33Je répondis : « Où et quand cela ? Pourquoi nos années sont-elles limitées et mauvaises ? » 34Il me répondit : « Ne te hâte pas plus que le Très-Haut, car toi, tu as à te hâter pour toi-même, mais le Très-Haut le fait pour beaucoup. 35N'est-ce pas à ces sujets que les âmes des justes dans leurs réservoirs ont interrogé en disant : Jusques à quand ai-je à espérer ainsi ? Quand récolterons-nous le fruit de notre récompense ? 36L'archange Hieremiel leur répondit : Lorsque sera complet le nombre de vos semblables. En effet, Dieu a pesé le monde dans sa balance, 37il a mesuré la mesure des temps, il a dénombré le nombre des temps ; il ne provoquera ni ébranlement ni agitation, avant que ne soit complète la mesure prédite. »
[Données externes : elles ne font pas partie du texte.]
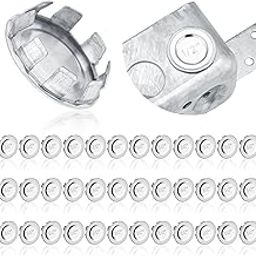 Yaocom 36 Pcs Knockout Seal Electrical Box Knockout Plugs Round Steel Removable Seal Electrical Box Fittings for Closure Unused Electric Box Outlets (1/2 Inch)-image-70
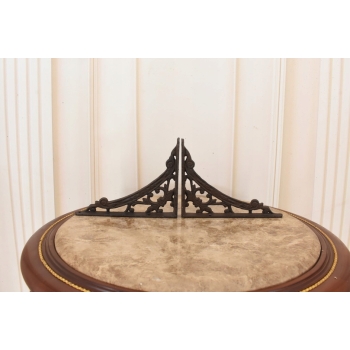 Żeliwny Wieszak - Wspornik pod Półkę - Kątownik - Dekoracja Uchwyt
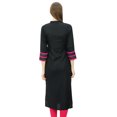 thumbnail image 4 of Phagun Womens Rayon Straight Tunic Kurta Open Front Kurti Mandarin Collar Indian Top, 4 of 8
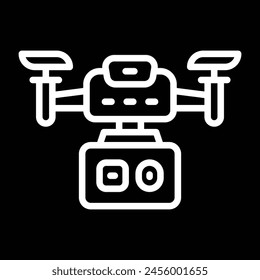 drone icon vector outline design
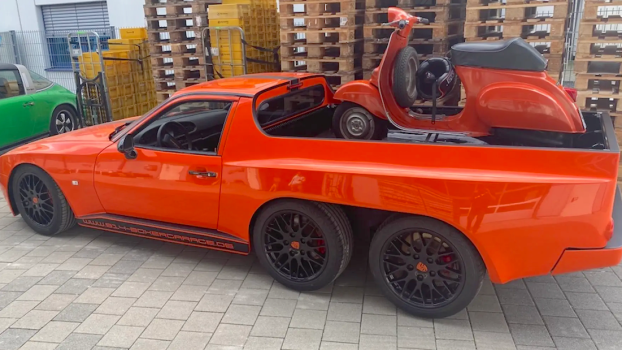 Want a Unique Pickup Truck? Buy This Porsche 944 Six-Wheel Ute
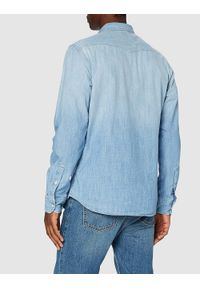 Lee - LEE LEE WESTERN SHIRT MĘSKA KOSZULA FADED BLUE L643NSOF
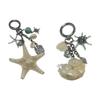 Натуральная Ракушка Пляжный Брелок с Морскими Мотивами Дизайн Морской Звезды Рыбы Яркие Цвета Сплав Материалы для Декора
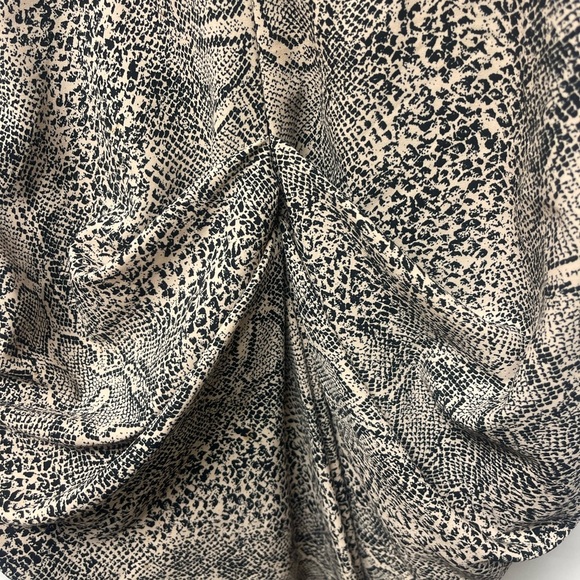 Guess Snakeskin Print Tulip Hem Dress - Picture 8 of 14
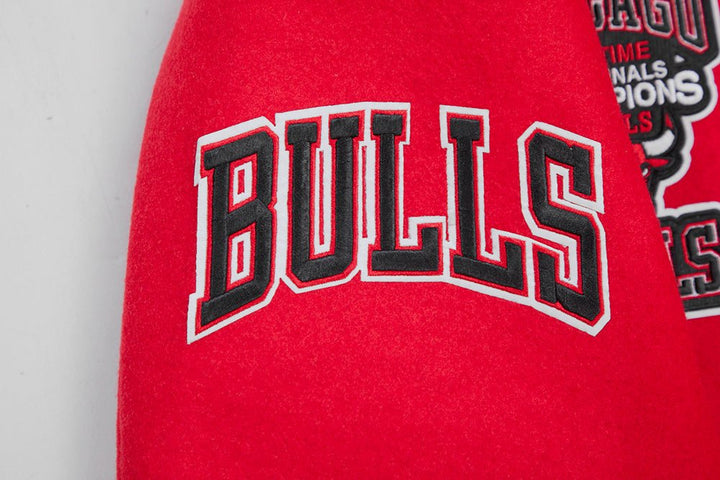 NBA CHICAGO BULLS CREST EMBLEM WOOL VARSITY JACKET - Rare Leather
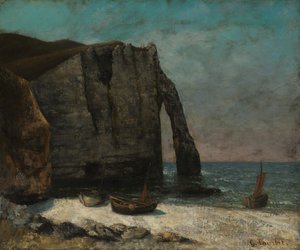 Klippen ved Étretat av imitator of Gustave Courbet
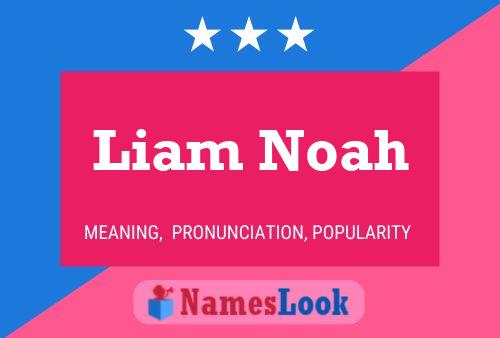 Liam Noah Name Poster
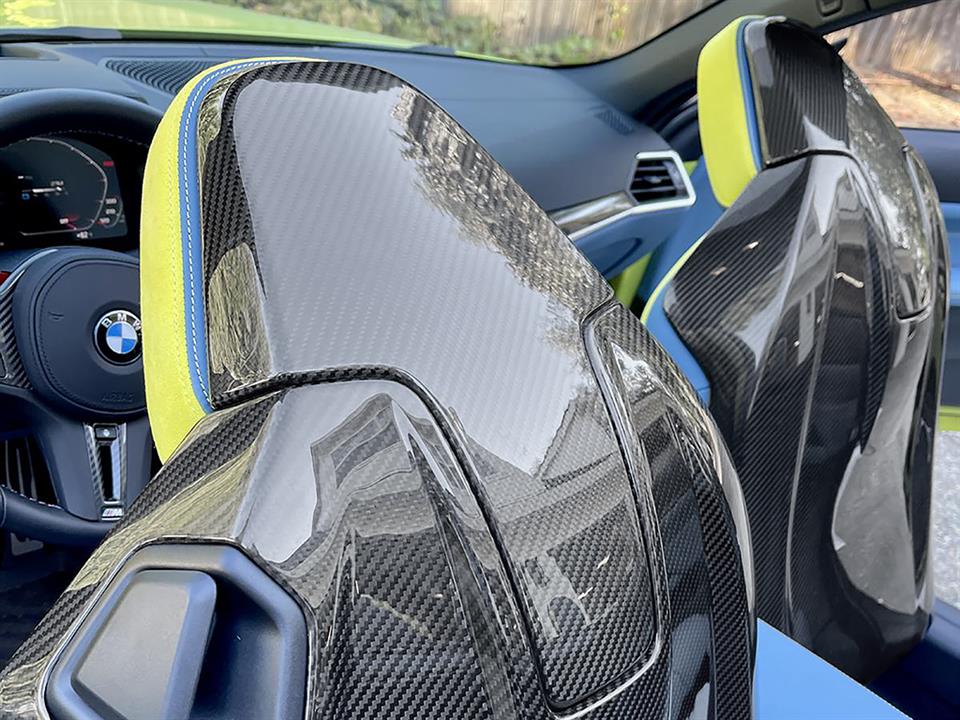 RW Carbon 2023-2024 BMW G87 M2 Carbon Fiber Seat Backs - Image 3
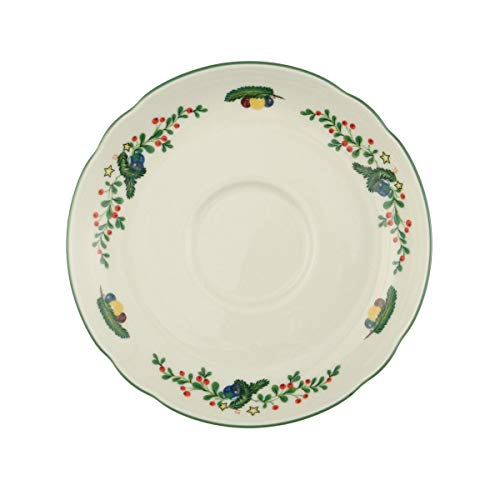 Seltmann Weiden 001.298952 Marieluise Weihnachten Teeuntertasse, Porzellan, Grün/Bunt von Seltmann Weiden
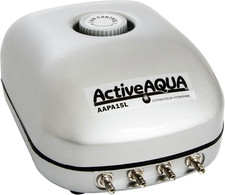 AAPA15L Active Aqua, 4 Prese, 6W, 15 L/min Pompa ad Aria, Argento, Grigio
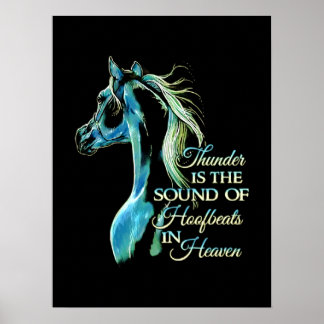 Poster Le Tonnerre Est Le Bruit Des Hoofbeats Au Ciel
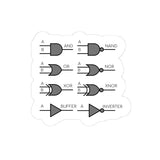Logic Gates Kiss-Cut Sticker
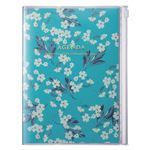 Agenda scolaire Mark's Flower 2022 2023 A5 Turquoise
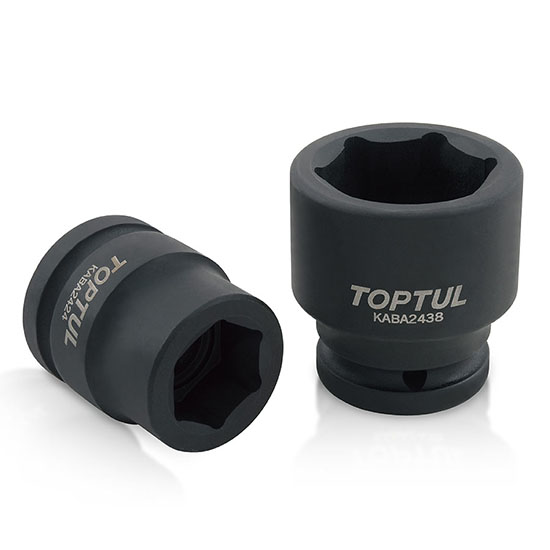 Cheie tubulara de impact TOPTUL KABA2436, prindere patrat 3/4 inch, profil hexagonal, deschidere cheie 36 mm, lungime 55 mm, crom molibden
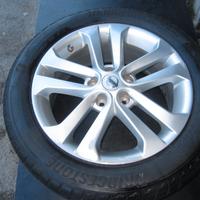 RUOTA-CERCHIO IN LEGA 5 FORI+PNEU 215/R17 X NISSAN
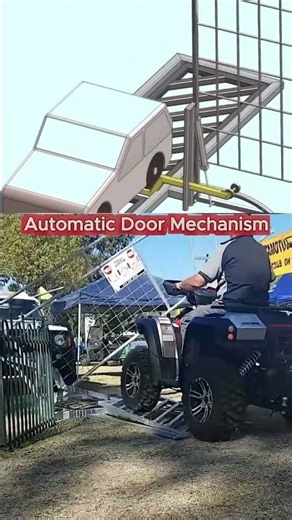 How Automotic Door Opening mechanism work 🤔 #shorts #doors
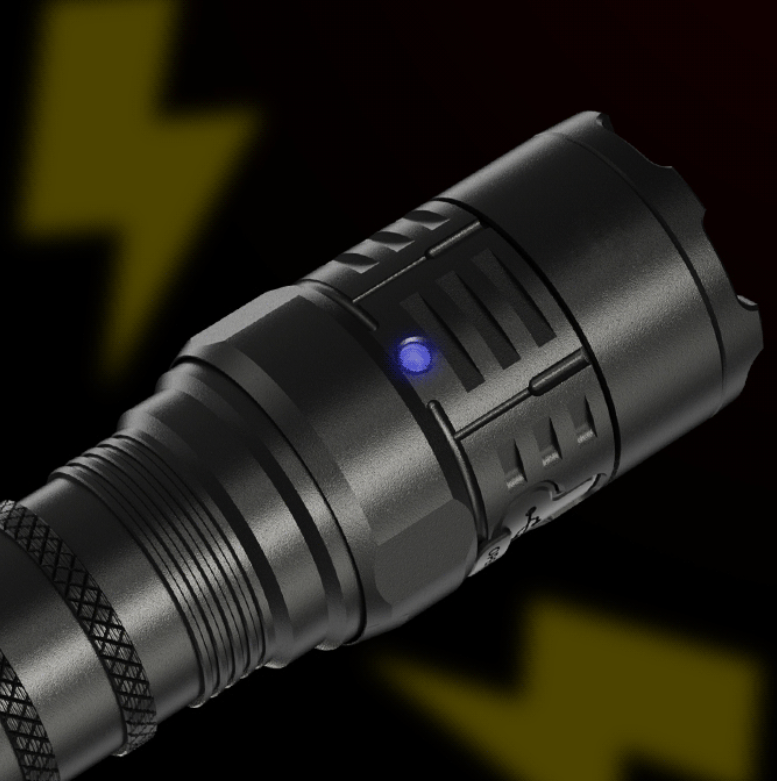Nitecore P23i Taktinis žibintuvėlis, 3000 lm, iki 470 m, 5000 mAh, USB-C, IP68 aprašymas - Prekės nuotrauka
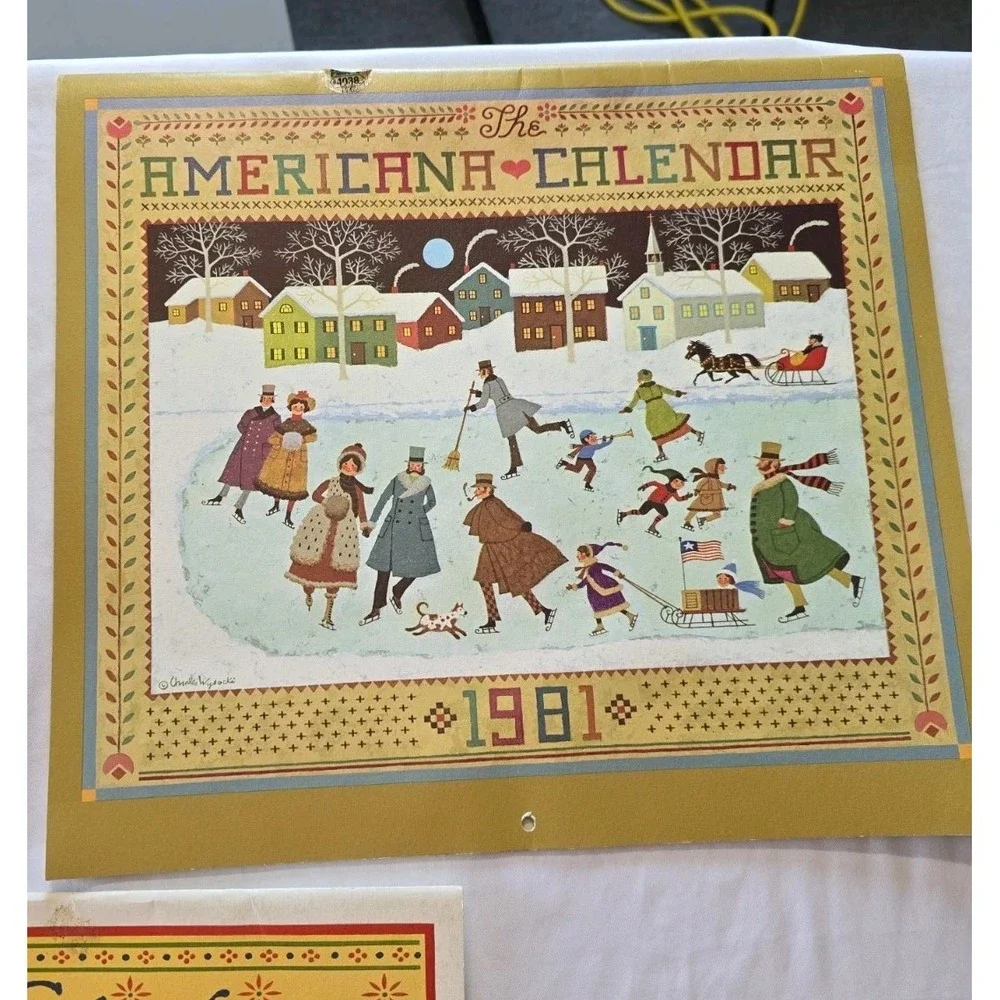 Lot Of 3 The Americana Calendars 1980,1983,1981, Missing Months Not Complete
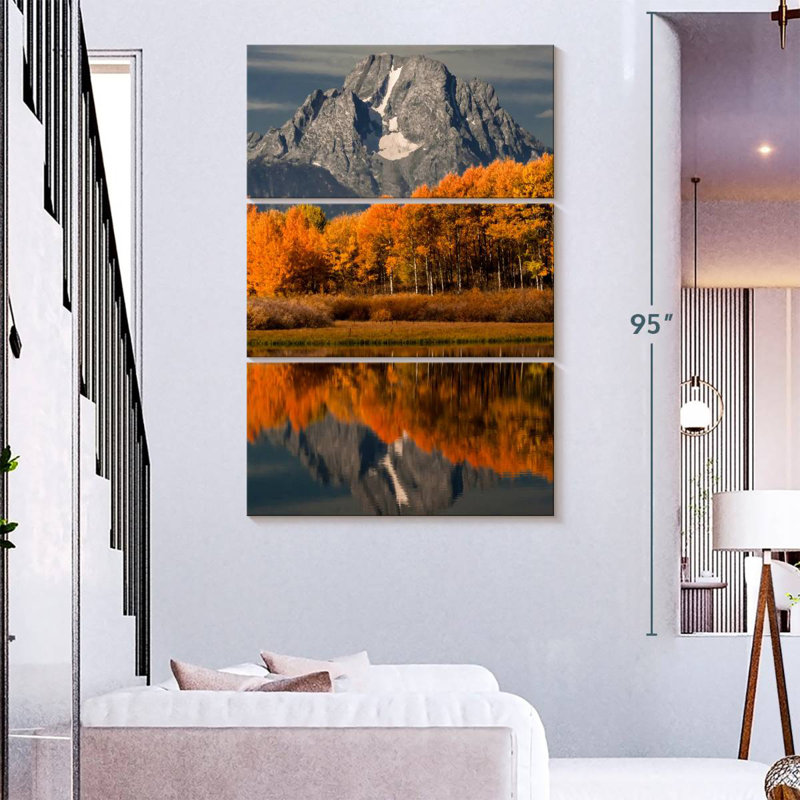 Alvord Grand Teton, reflets d'automne, H 74 po x l 48 po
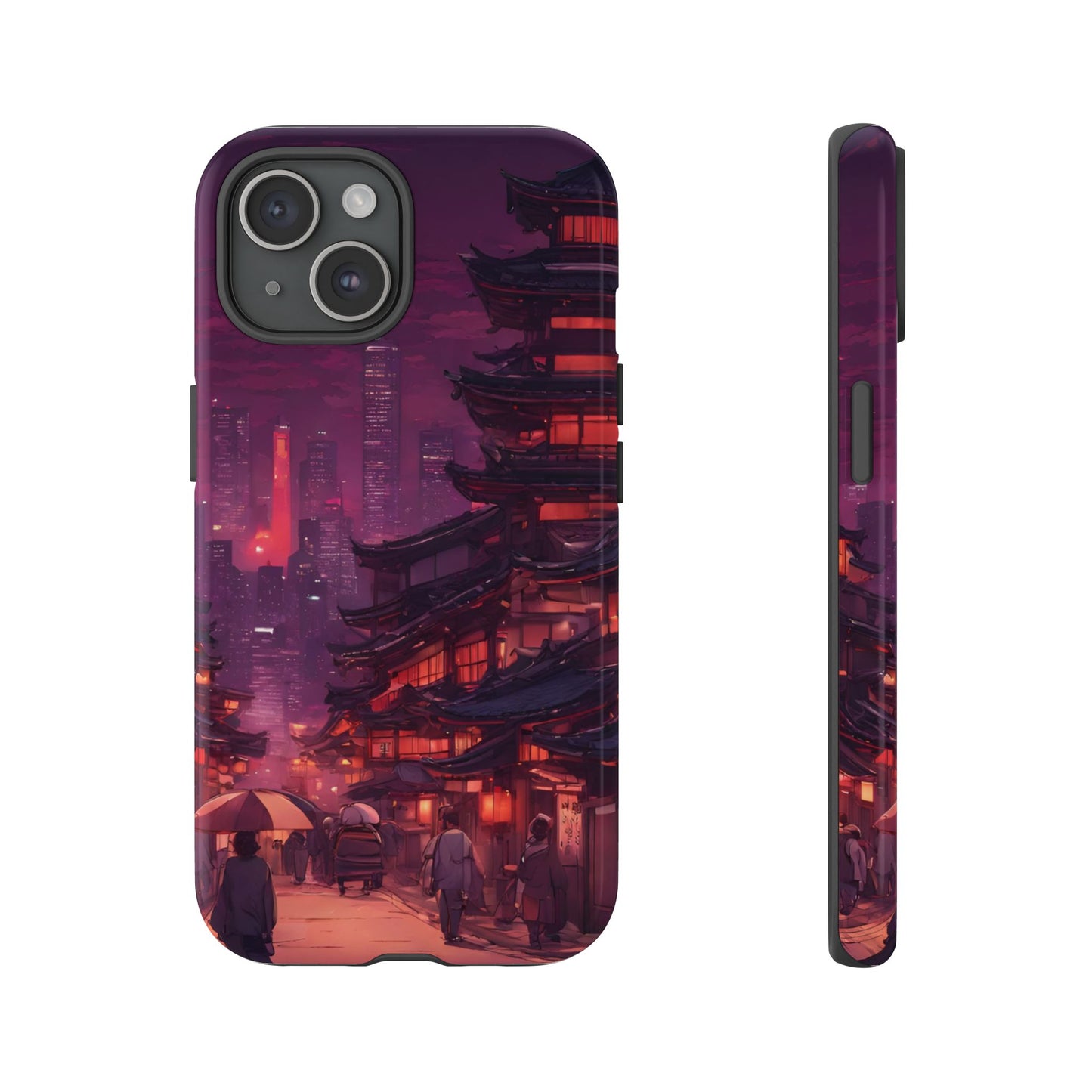Traditional Japanese Village Countryside-Dual Layer Ultra Tough Phone Case Printify by The Night Shift Automotive Apparel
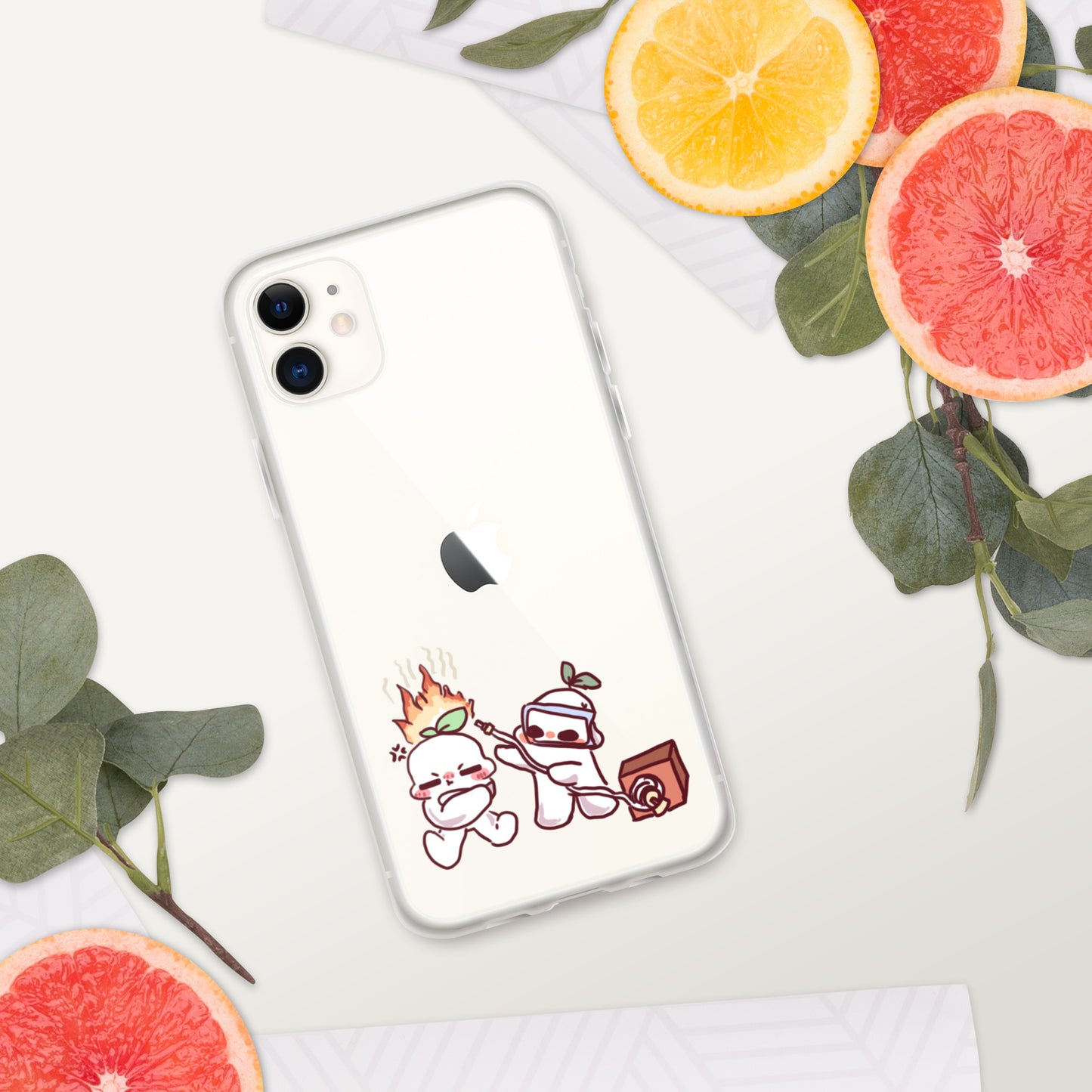 Angry Psi Clear Case for iPhone®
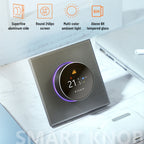 BHT-7000-GALZB 95-240V AC 3A Smart Knob Thermostat Water Heating Controller with Zigbee, BHT-7000-GALZB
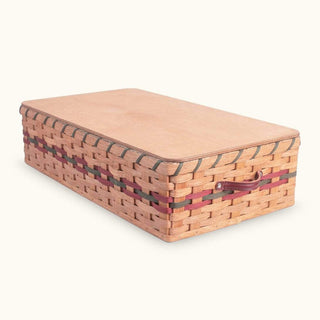 Under Bed Storage Basket | Amish Wicker Underbed or Coffee Table Storage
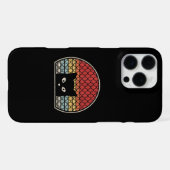 Retro Vintage Katze iPhone Hülle (Rückseite (Horizontal))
38Je répondis : « O Seigneur et Maître, mais nous aussi, nous sommes tous pleins d'impiété. 39Ne serait-ce pas à cause de nous qu'est entravée la moisson des justes, à cause des péchés des habitants de la terre ? » 40Il me répondit : « Va interroger la femme enceinte pour savoir si son sein peut encore retenir en lui le fœtus, quand ses neuf mois sont achevés. » 41Et je dis : « Elle ne le peut, Seigneur. » Il me dit : « Dans l'enfer, les réservoirs des âmes sont comparables au sein maternel. 42Car de même que celle qui enfante a hâte d'en finir avec la contrainte de l'enfantement, de même ces réservoirs ont hâte de restituer ce qui leur a été confié 43dès le commencement. Alors il te sera fait des révélations sur ce que tu désires voir. »
44Je répondis : « Si j'ai trouvé grâce à tes yeux, si c'est possible et si j'en suis capable, 45montre-moi aussi ceci : y a-t-il plus de temps à venir que de temps passé ou s'est-il écoulé plus de temps avant nous ? 46Car je sais ce qui s'est écoulé, mais j'ignore ce qui est à venir. » 47Il me dit : « Tiens-toi à ma droite et je vais te montrer l'interprétation d'une parabole. »
48Je me tins là et je vis : voici qu'une fournaise ardente passa devant moi ; or une fois la flamme passée, je vis et voici qu'il subsistait de la fumée. 49Ensuite un nuage plein d'eau passa devant moi et il déversa une grande pluie avec violence et, une fois passée la violence de la pluie, il resta des gouttes. 50Il me dit : « Réfléchis pour ton compte : de même que la pluie surpasse les gouttes et que le feu surpasse la fumée, de même la mesure du passé l'a largement emporté ; il subsiste néanmoins des gouttes et de la fumée. »
Les signes de la fin des temps
51Je priai et je dis : « Penses-tu que je vivrai jusqu'à ces jours-là ? Qui sera là en ces jours ? » 52Il me répondit : « Concernant les signes sur lesquels tu m'interroges, je peux t'en dire une partie, mais concernant ta vie, je n'ai pas été envoyé pour te le dire et je ne le sais pas.